--- Input Enclosed Below ---

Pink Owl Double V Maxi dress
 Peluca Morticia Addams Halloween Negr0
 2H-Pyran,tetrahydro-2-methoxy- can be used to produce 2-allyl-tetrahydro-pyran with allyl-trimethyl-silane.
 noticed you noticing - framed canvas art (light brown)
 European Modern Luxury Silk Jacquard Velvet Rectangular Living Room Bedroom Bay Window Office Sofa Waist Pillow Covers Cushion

--- End of Enclosed Input ---

The material must be written out again in full and without changes.

Pink Owl Double V Maxi dress
 Peluca Morticia Addams Halloween Negr0
 2H-Pyran,tetrahydro-2-methoxy- can be used to produce 2-allyl-tetrahydro-pyran with allyl-trimethyl-silane.
 noticed you noticing - framed canvas art (light brown)
 European Modern Luxury Silk Jacquard Velvet Rectangular Living Room Bedroom Bay Window Office Sofa Waist Pillow Covers Cushion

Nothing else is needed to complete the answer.